Gedaagde stelt dat hij was ingeschakeld voor de verkoop van de woning en dat de bemiddeling omtrent de verhuur door eiser was uitbesteed aan een derde partij. Gedaagde betwist dat huurder tijdens de bezichtigingen van de woning mededelingen heeft gedaan omtrent het bestaan van een huurovereenkomst voor onbepaalde tijd dan wel andere mededelingen omtrent huuropzegging en het niet verlaten van de woning bij verkoop, waardoor zij niet de plicht had om op de gevolgen hiervan te wijzen.
De beoordeling
De kantonrechter stelt vast dat er bij eiser geen enkele twijfel bestond dat de huurder niet tijdig zou vertrekken. Voor gedaagde bestond ten tijde van het ondertekenen van de koopovereenkomst en de periode daaraan voorafgaand geen aanleiding om eiser expliciet te wijzen op een rechtsgeldige huuropzegging en de eventuele risico’s. In het licht van deze omstandigheden is de kantonrechter van oordeel dat gedaagde op dit punt niet tekort geschoten is in zijn zorgplicht.

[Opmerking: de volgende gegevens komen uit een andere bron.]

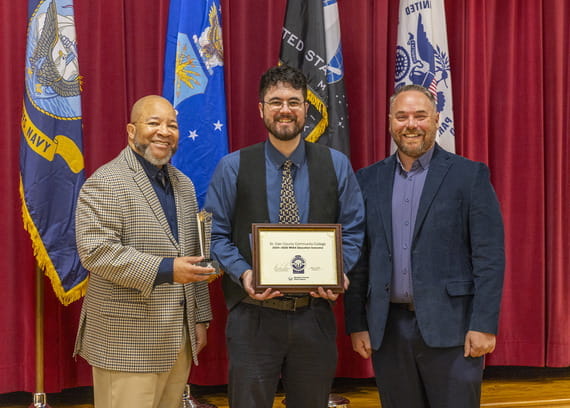 St. Clair County Community College 2025 MVAA Education Innovator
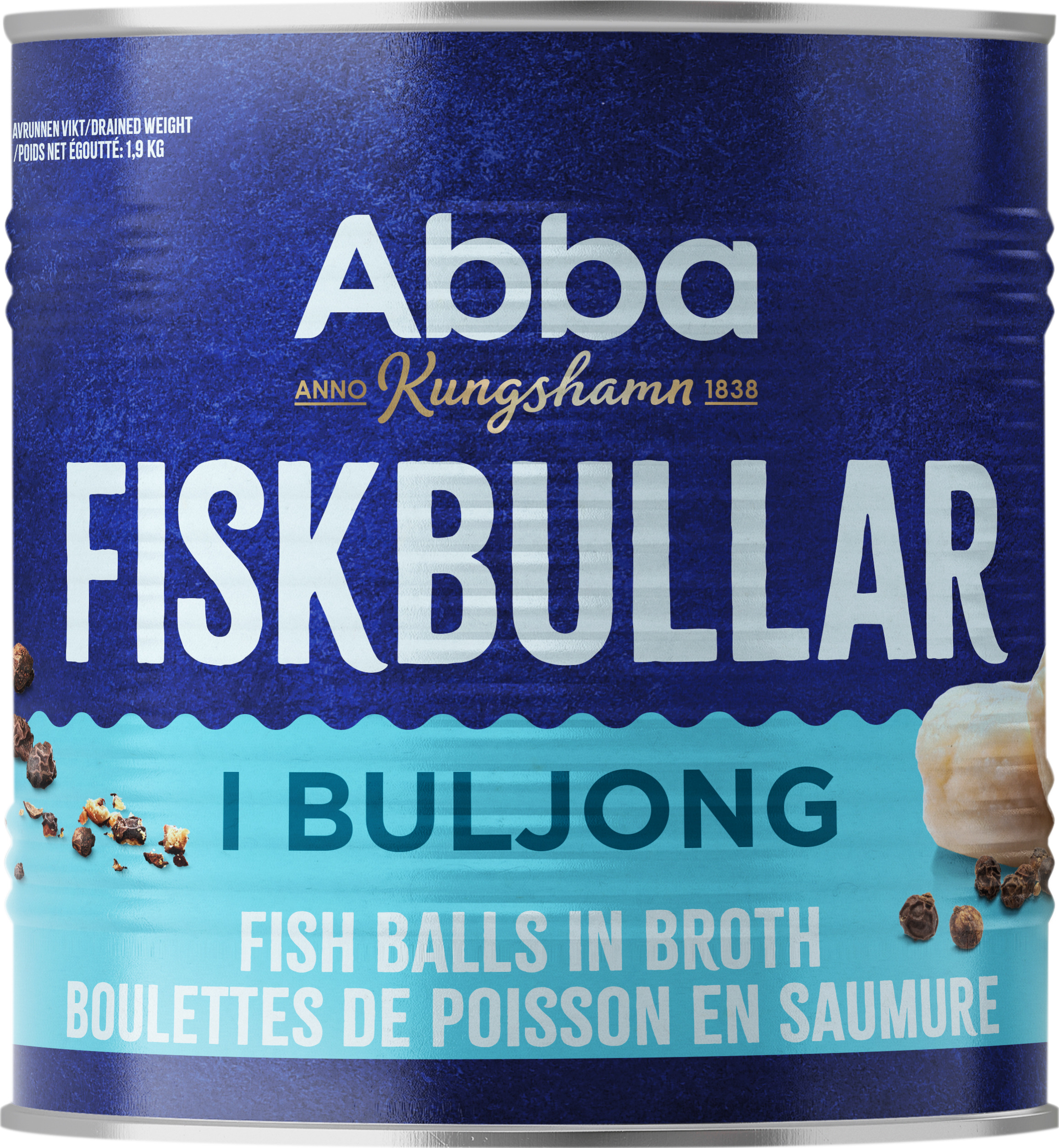 Fiskbullar i Buljong MSC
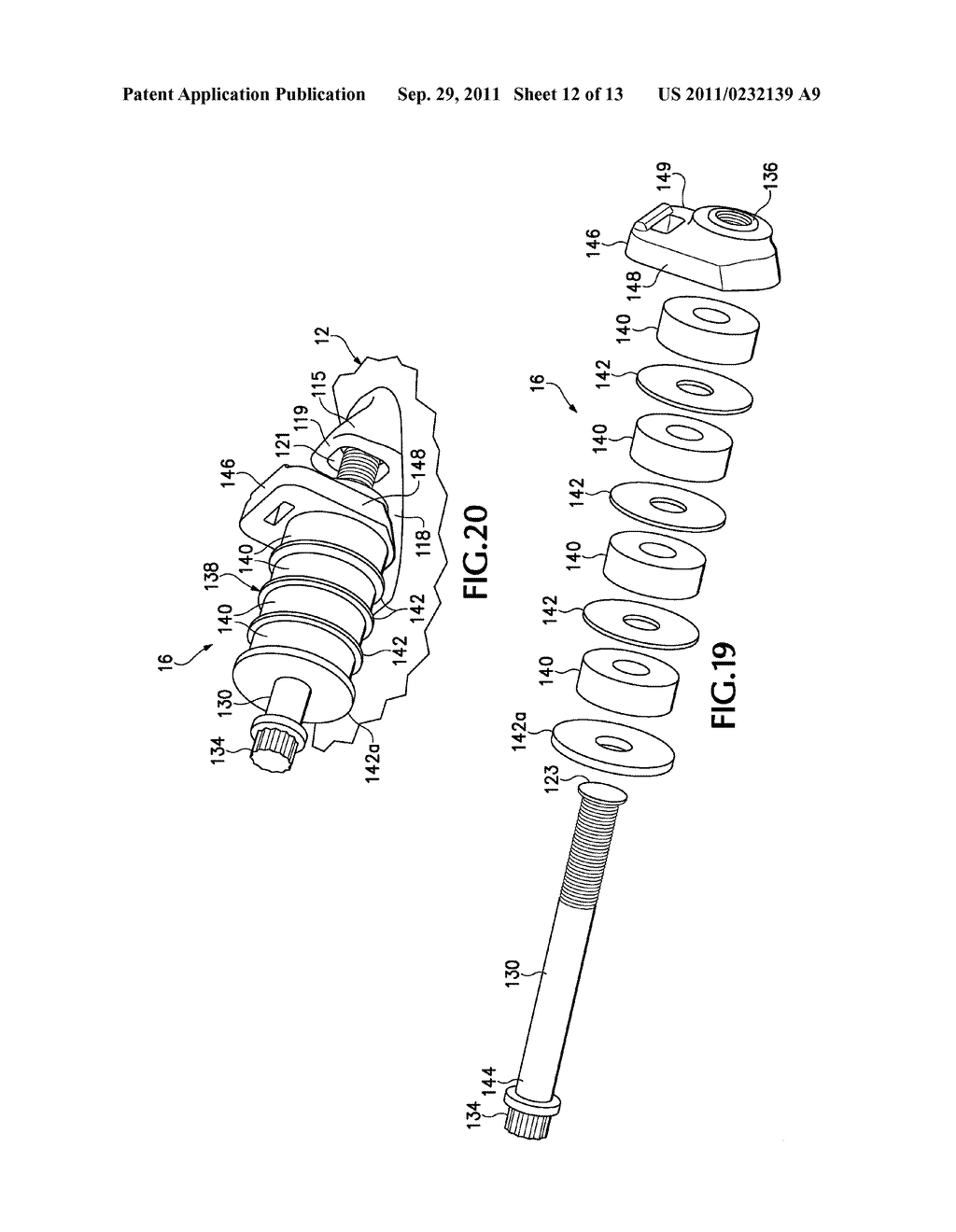 WEAR ASSEMBLY FOR EXCAVATING EQUIPMENT - diagram, schematic, and image 13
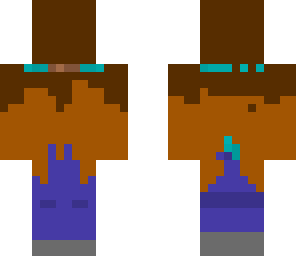 chocolate coated steve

Als huurder aan gedaagde mededelingen heeft gedaan waardoor eraan moest worden getwijfeld dat hij per 1 november 2019 zou vertrekken, mocht van haar als redelijk bekwaam en redelijk handelend makelaar wel worden verwacht dat zij eiser hiervan op de hoogte stelde. Of de huurder dit tegen gedaagde heeft gezegd kan gezien de betwisting van gedaagde echter niet worden vastgesteld.
De beslissing
De kantonrechter draagt eiser op te bewijzen dat huurder tijdens de bezichtigingen van de woning in het bijzijn van gedaagde heeft meegedeeld dat sprake is van een huurovereenkomst voor onbepaalde tijd, dat geen sprake is van een huuropzegging en dat hij niet verplicht is het pand te verlaten in verband met verkoop.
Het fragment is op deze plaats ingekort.